## Task to complete
Among the entries below, find how many lines carry the word "Genesis" and state only that figure.

Records from a data collection
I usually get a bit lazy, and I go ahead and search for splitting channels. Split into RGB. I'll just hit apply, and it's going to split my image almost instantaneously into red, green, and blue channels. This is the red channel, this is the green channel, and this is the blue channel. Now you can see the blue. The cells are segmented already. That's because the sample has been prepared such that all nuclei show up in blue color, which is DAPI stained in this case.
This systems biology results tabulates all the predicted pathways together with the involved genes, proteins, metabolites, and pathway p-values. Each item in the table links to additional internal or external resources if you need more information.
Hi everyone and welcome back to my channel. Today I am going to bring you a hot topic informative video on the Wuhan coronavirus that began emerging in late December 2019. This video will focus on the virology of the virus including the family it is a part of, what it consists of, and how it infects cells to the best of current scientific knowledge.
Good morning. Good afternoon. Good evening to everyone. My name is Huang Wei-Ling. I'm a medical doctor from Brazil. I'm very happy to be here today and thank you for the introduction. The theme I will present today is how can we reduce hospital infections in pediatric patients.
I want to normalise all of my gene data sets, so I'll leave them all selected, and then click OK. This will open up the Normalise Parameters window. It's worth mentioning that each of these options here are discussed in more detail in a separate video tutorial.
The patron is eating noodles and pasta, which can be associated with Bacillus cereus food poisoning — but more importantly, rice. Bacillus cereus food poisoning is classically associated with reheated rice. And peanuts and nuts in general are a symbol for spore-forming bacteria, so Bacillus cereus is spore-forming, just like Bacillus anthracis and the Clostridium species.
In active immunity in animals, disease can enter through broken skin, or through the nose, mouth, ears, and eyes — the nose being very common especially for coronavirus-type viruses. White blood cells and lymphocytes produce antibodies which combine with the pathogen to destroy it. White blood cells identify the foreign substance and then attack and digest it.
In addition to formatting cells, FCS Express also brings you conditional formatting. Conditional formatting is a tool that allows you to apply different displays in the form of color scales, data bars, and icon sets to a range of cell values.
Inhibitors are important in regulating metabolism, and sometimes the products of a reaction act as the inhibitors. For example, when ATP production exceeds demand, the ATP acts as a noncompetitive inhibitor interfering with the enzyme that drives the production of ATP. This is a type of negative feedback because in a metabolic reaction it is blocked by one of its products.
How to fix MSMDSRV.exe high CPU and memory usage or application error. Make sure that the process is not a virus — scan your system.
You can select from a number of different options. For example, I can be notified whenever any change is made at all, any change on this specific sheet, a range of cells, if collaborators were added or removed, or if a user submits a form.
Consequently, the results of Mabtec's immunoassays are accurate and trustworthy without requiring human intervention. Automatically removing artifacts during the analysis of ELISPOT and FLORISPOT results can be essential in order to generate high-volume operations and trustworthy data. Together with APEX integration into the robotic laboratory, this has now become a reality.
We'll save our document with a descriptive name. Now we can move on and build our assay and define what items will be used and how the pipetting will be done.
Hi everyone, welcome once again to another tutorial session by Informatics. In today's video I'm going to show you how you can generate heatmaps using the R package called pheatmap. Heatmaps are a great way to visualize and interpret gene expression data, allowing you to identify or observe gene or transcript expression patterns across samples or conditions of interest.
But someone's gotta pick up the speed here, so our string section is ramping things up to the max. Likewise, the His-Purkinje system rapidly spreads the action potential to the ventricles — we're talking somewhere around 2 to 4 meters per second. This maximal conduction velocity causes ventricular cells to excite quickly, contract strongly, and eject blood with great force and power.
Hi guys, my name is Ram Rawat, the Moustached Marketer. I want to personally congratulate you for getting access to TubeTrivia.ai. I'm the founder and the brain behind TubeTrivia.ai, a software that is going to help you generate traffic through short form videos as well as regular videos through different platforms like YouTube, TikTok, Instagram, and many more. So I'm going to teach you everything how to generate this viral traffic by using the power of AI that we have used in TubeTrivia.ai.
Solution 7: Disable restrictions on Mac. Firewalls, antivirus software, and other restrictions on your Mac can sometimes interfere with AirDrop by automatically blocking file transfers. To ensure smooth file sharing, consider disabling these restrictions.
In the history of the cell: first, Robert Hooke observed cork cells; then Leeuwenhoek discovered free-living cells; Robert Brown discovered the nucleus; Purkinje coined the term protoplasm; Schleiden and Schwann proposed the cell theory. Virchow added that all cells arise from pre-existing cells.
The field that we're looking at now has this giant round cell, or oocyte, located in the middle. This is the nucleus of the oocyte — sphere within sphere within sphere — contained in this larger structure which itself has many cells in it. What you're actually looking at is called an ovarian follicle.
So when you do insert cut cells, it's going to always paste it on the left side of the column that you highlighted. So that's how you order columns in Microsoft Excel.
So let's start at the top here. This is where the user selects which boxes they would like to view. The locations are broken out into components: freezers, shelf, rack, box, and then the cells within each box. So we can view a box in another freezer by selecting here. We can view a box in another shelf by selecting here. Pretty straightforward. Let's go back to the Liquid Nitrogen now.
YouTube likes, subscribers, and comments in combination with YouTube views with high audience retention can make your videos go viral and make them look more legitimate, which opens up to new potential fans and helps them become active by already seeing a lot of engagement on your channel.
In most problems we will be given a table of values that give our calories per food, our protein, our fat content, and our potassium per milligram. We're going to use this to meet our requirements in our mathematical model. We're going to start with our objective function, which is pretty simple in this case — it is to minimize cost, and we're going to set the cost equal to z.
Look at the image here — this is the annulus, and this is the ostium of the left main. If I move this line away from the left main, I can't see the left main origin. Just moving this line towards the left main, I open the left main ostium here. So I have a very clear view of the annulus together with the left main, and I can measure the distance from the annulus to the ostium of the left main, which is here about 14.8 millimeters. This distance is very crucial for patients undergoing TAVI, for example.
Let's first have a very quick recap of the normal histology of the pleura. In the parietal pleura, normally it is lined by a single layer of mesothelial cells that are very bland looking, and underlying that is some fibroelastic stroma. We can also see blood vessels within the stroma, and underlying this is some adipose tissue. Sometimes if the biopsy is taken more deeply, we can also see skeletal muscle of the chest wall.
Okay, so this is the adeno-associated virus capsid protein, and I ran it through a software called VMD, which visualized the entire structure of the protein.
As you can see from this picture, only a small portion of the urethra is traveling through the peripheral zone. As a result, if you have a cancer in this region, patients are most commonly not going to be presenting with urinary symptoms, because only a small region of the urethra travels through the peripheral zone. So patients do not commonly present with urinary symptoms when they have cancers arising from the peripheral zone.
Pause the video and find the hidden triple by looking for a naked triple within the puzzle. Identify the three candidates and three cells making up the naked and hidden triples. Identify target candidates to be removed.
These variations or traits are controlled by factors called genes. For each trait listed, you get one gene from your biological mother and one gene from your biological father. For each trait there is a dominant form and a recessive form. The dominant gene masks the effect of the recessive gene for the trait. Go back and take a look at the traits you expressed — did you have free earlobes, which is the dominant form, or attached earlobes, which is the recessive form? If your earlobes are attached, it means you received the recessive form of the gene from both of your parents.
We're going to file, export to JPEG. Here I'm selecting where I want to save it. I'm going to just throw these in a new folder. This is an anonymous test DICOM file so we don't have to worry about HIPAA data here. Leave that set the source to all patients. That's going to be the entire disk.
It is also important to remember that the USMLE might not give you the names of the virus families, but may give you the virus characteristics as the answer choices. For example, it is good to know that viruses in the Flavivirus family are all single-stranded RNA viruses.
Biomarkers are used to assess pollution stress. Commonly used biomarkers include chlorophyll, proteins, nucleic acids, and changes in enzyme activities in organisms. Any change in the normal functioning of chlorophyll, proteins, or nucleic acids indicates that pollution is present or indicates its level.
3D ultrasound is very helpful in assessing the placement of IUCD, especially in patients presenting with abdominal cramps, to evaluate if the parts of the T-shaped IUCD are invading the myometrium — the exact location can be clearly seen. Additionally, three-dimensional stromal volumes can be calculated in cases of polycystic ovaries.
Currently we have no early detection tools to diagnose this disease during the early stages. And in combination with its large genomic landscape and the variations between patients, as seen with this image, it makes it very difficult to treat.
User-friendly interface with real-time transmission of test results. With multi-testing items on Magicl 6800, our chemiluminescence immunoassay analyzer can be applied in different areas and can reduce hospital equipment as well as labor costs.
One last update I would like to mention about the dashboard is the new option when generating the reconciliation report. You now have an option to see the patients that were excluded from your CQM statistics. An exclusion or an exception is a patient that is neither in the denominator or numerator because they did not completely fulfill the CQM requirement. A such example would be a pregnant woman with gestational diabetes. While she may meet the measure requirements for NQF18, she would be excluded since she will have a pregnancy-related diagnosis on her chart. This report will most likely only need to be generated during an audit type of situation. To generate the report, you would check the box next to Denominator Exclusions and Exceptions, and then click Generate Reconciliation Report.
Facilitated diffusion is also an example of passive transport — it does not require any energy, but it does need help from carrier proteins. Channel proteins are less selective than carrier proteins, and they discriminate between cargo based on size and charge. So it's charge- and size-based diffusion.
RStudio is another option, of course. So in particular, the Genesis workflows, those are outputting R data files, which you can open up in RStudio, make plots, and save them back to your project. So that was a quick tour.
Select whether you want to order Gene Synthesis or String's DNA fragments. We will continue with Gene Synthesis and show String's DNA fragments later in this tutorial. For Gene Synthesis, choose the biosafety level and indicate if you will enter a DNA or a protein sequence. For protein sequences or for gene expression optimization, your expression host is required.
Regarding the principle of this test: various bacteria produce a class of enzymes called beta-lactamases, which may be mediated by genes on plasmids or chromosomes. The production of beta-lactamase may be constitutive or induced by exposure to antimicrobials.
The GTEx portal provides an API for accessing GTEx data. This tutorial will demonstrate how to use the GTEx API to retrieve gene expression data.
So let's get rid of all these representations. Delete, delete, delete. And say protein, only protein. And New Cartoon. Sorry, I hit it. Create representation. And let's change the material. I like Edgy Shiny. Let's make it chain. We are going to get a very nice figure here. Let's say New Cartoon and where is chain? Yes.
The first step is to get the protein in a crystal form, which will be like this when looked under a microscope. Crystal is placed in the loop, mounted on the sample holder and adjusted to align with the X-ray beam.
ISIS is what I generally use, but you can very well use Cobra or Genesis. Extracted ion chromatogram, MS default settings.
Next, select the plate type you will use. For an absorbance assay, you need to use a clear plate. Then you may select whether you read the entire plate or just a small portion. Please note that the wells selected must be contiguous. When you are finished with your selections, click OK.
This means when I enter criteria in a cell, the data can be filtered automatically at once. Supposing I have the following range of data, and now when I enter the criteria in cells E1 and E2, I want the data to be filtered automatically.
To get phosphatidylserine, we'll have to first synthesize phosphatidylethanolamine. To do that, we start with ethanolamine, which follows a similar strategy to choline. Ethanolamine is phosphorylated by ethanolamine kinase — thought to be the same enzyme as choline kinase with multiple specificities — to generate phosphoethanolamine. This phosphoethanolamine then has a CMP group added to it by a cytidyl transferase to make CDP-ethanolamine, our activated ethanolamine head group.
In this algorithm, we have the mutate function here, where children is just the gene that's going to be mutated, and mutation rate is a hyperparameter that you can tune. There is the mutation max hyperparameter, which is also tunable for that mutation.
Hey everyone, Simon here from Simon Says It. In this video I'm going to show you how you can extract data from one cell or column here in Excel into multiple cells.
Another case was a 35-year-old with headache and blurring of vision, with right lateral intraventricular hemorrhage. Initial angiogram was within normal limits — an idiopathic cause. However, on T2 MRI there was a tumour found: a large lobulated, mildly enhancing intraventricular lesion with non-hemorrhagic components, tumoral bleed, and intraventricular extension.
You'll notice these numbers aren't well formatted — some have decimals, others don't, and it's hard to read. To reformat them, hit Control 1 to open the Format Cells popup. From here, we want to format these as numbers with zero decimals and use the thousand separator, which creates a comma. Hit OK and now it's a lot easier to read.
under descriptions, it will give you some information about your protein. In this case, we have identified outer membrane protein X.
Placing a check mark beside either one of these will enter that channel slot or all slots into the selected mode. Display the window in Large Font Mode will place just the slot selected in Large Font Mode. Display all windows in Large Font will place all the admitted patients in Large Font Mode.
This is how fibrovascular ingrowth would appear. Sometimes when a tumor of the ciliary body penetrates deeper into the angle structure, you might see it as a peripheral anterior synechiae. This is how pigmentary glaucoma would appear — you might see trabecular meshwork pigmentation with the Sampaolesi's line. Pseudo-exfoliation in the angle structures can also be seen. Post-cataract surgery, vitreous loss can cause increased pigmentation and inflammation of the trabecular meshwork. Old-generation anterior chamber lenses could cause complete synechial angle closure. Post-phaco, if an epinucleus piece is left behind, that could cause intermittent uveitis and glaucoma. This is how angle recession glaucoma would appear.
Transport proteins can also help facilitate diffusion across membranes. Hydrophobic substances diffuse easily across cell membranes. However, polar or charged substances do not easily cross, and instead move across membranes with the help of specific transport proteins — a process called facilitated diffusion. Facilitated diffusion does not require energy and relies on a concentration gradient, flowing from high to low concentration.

## Result for this exercise
2